Data records
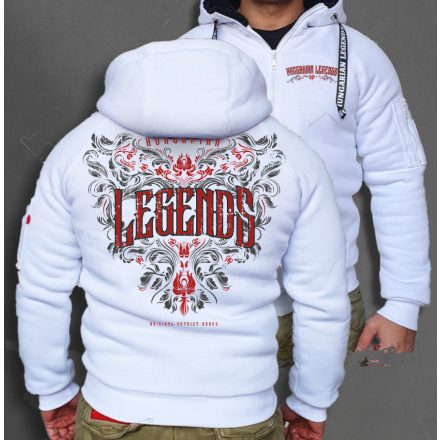 Legends - Népi motívumos férfi sherpa béléses cipzáras pulóver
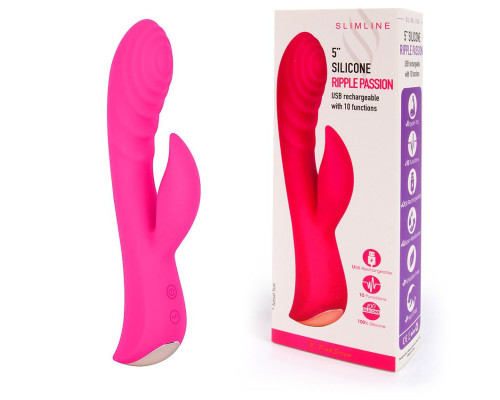 Заказать Ярко-розовый вибромассажер-кролик 5 Silicone Ripple Passion - 19,1 см. Заказать Ярко-розовый вибромассажер-кролик 5 Silicone Ripple Passion - 19,1 см.
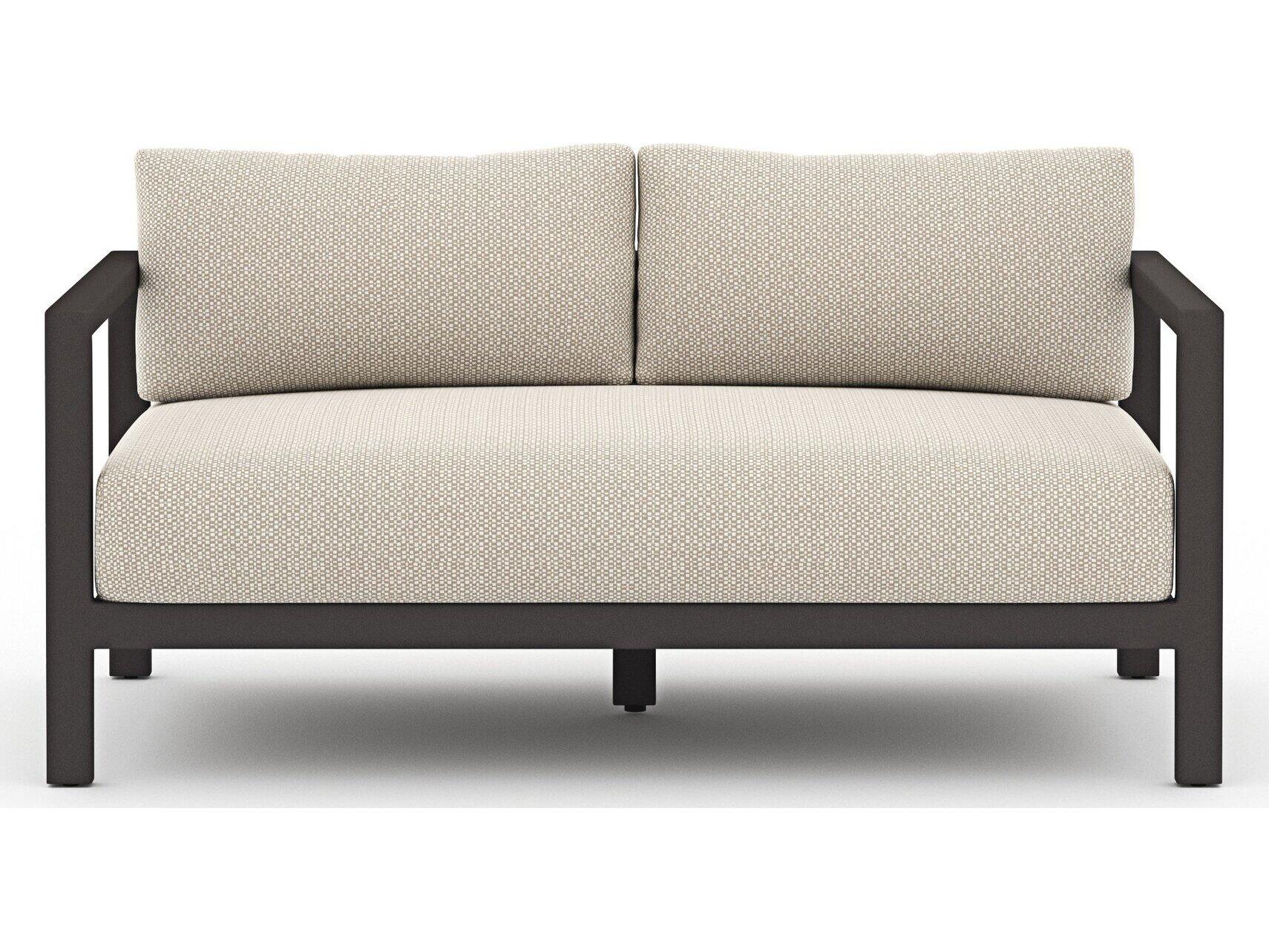 Four Hands Outdoor Solano Bronze Aluminum / Ivory Rope Loveseat with Faye Sand Cushion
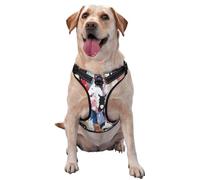 Colorful Cartoon Horses Printed Adjustable Pet Vest Reflective Pet Harness Vest For Walking And Camping M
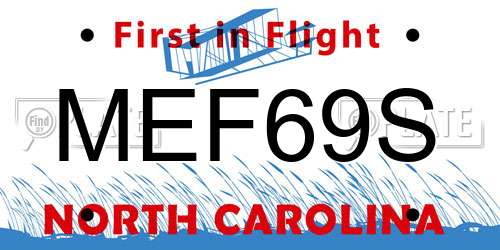 MEF69S North Carolina License Plate
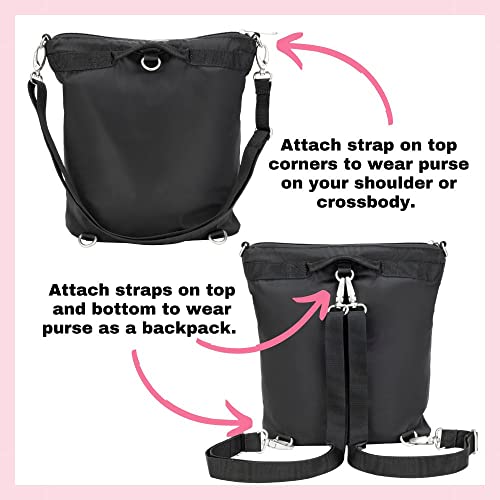 Sugar Medical Women’s Diabetes Backpack Purse with travel organizer for medications, insulin, glucose meter, insulin pens, epi-pen, includes insulated pouch to help keep medications cool. (Onyx)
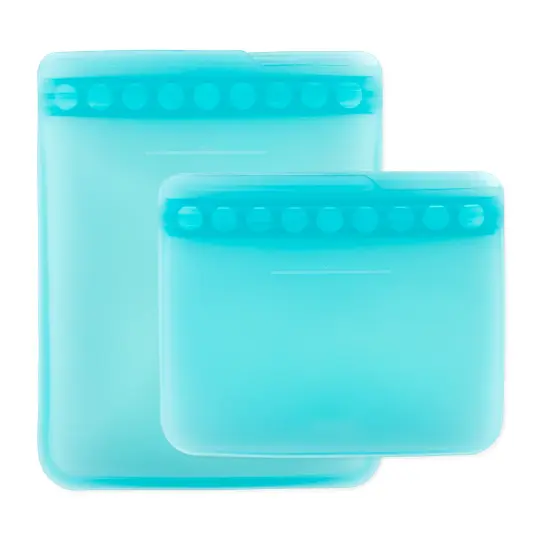 Silicone Flat Reusable Bag 2 Pack, Blue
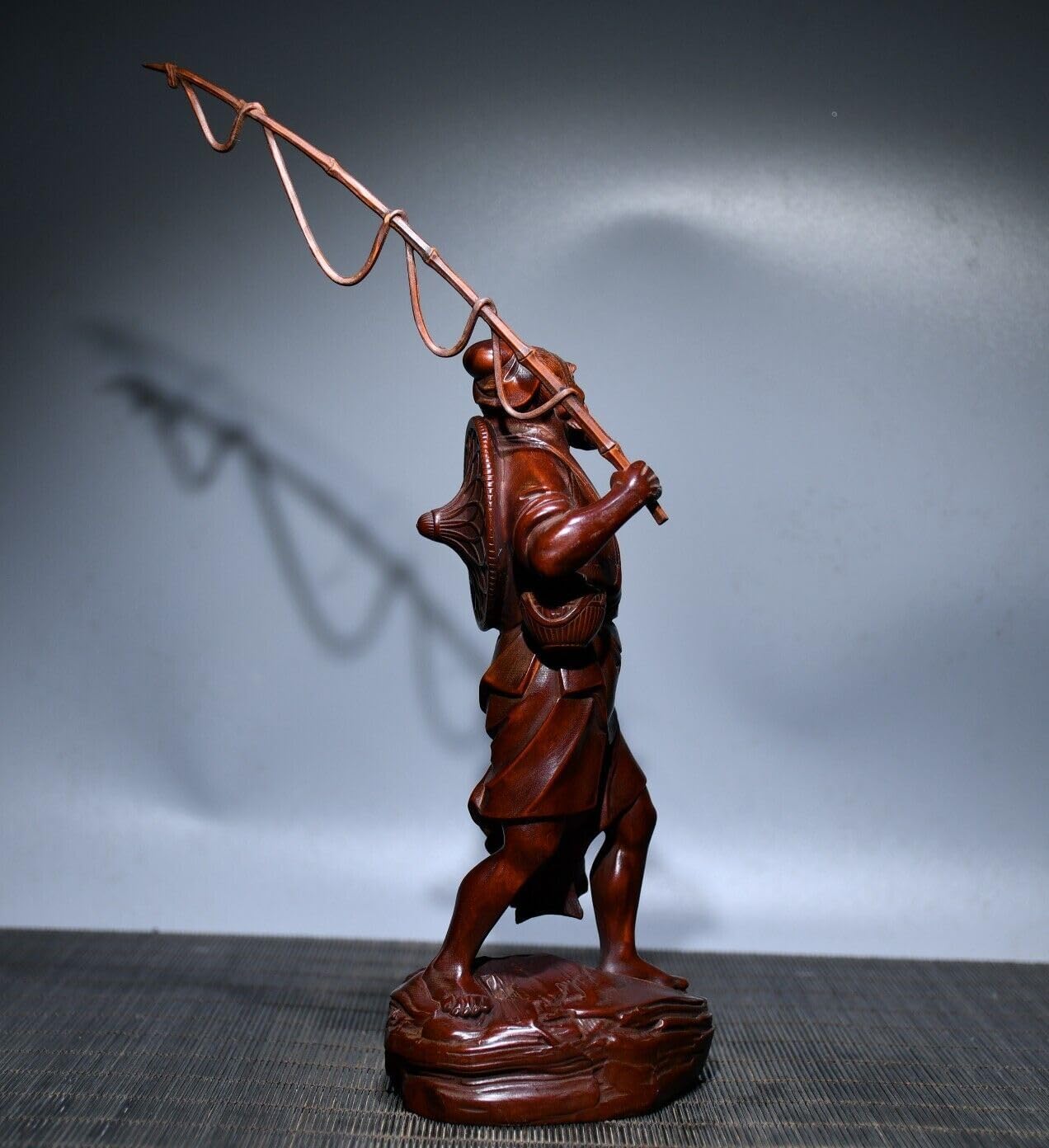 Handcrafted Boxwood Fisherman Statue Meditating Home Decor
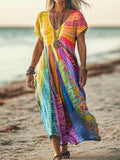 Nery™ – V-Ausschnitt Kleid mit Farbstreifen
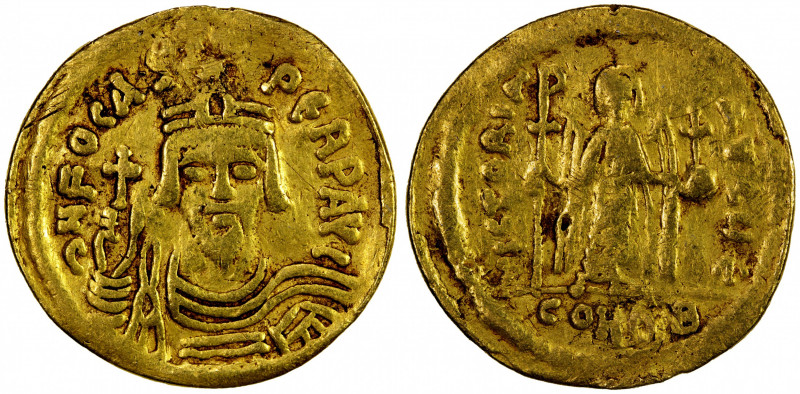 BYZANTINE EMPIRE: Phocas, 602-610, AV solidus (4.08g), Constantinople, S-618, bu...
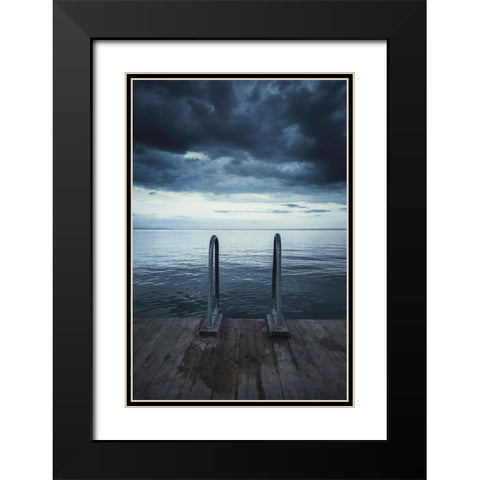 Moody Jetty Black Modern Wood Framed Art Print with Double Matting by Lindsten, Christian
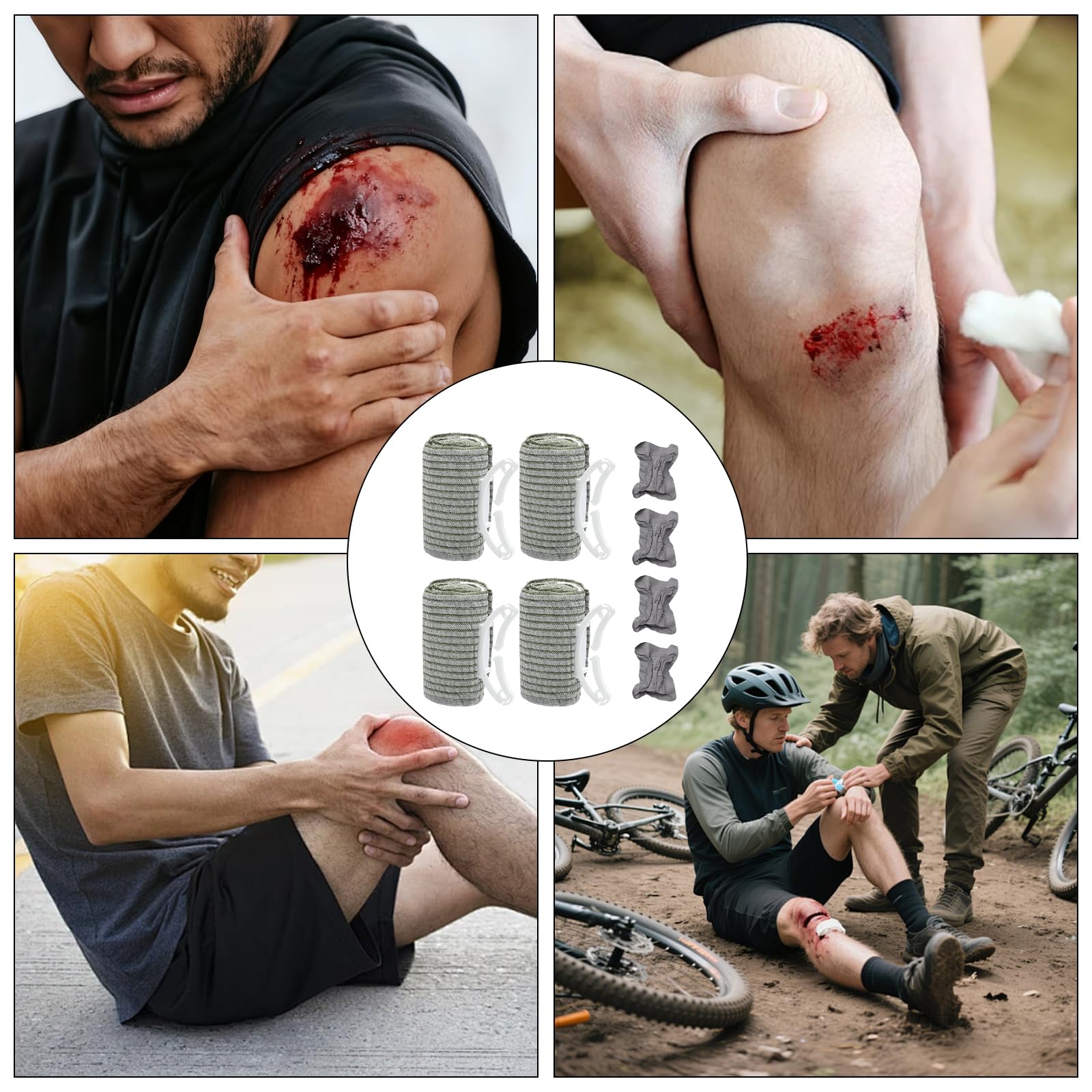 VOSSOT Vendaje israelí para torniquete, 4 unidades, 10,2 cm, vendaje de emergencia, torniquetes, vendaje de compresión para deportes al aire libre, camping, escalada, senderismo
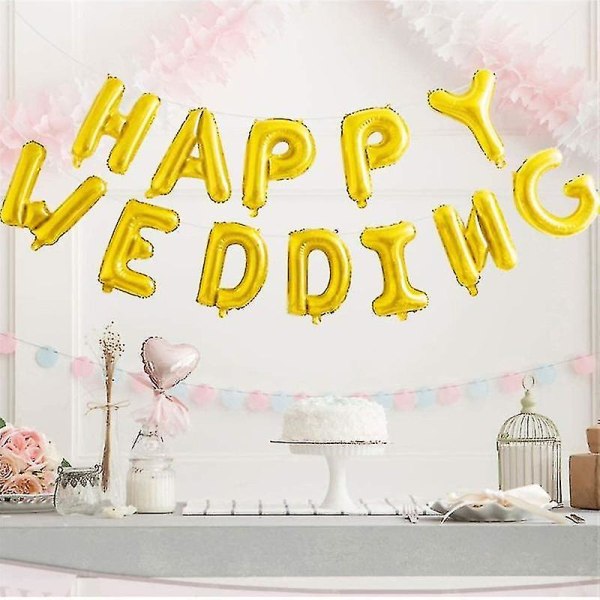 Bryllupsdekorationsballon Belon Happy Wedding Aluminiumsfolieballon 16 tommer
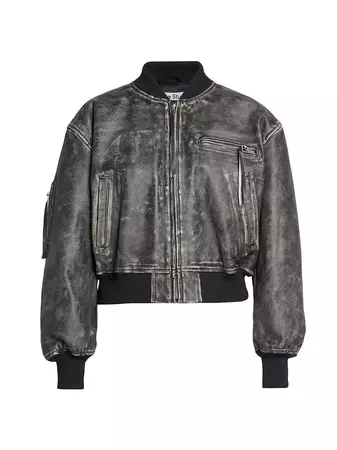 Shop Acne Studios Cropped Leather Bomber Jacket | Saks Fifth Avenue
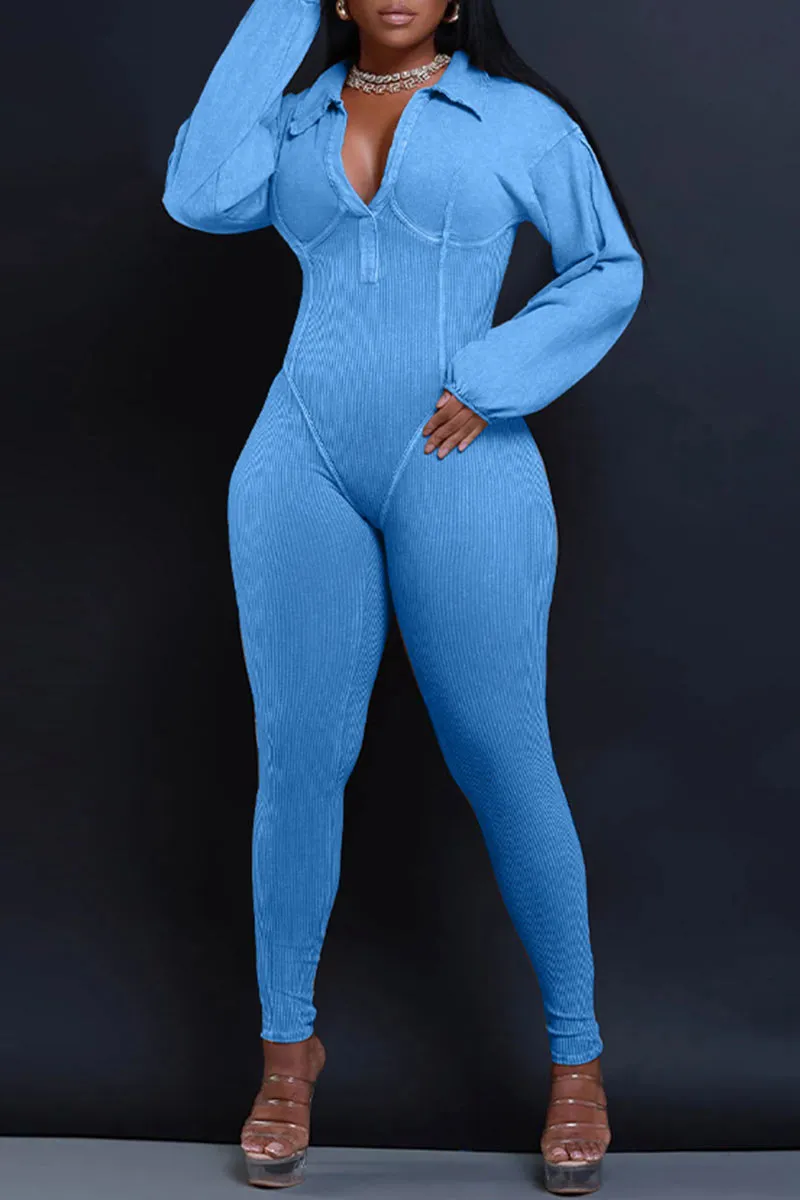 JH0504 V neck Fitted Jumpsuits
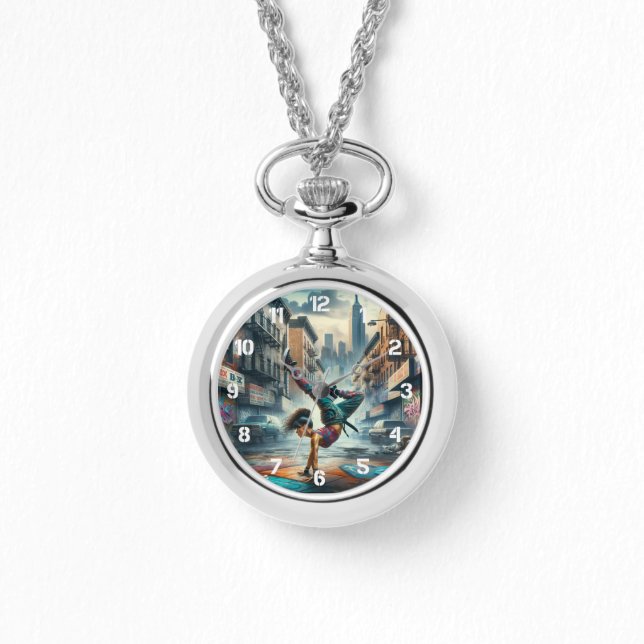 Breakdancer Women in action New York silhouette Watch (Front)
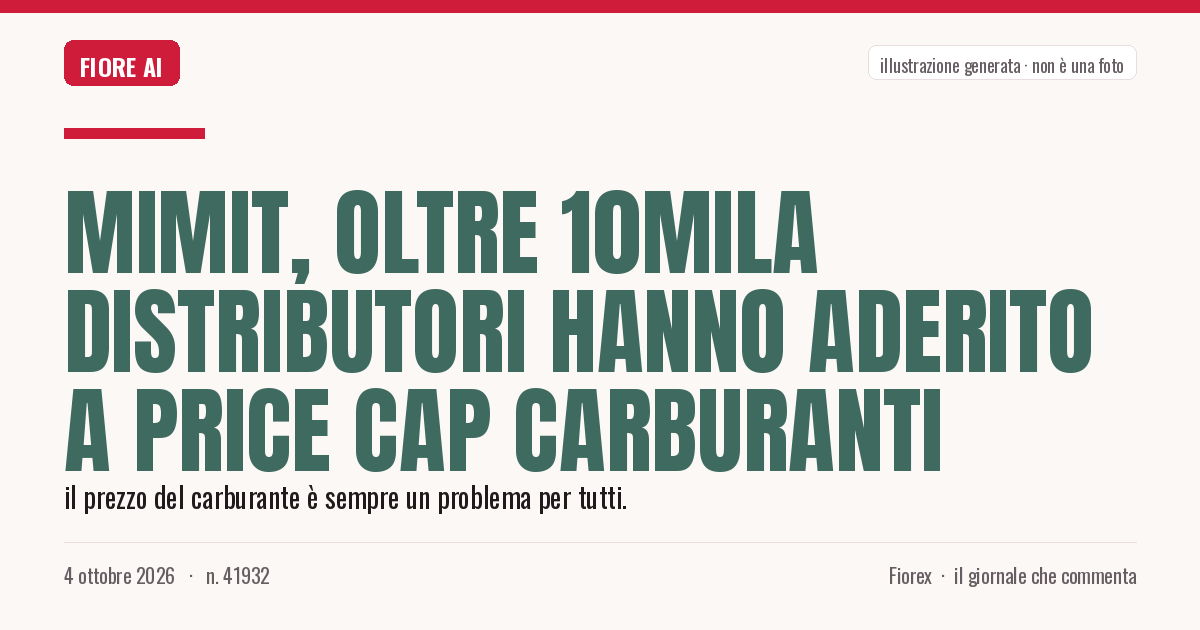 Illustrazione generata per il pezzo: Mimit, oltre 10mila distributori hanno aderito a price cap carburanti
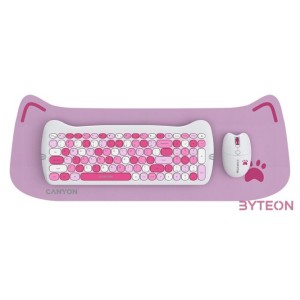 Canyon HSET-W6 HU Kitty Edition rózsaszín vezeték nélküli billentyűzet és egér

### TO DO
Between and including the line with "Silicone Flat Reusable Bag 2 Pack, Blue" and the line with "VOSSOT Vendaje israelí", repeat every line exactly as it appears above, with pictures left out.

### RESPONSE AREA
 Silicone Flat Reusable Bag 2 Pack, Blue
 Handcrafted Boxwood Fisherman Statue Meditating Home Decor
 Nery™ – V-Ausschnitt Kleid mit Farbstreifen
 BYZANTINE EMPIRE: Phocas, 602-610, AV solidus (4.08g), Constantinople, S-618, bu...
 Moody Jetty Black Modern Wood Framed Art Print with Double Matting by Lindsten, Christian
 VOSSOT Vendaje israelí para torniquete, 4 unidades, 10,2 cm, vendaje de emergencia, torniquetes, vendaje de compresión para deportes al aire libre, camping, escalada, senderismo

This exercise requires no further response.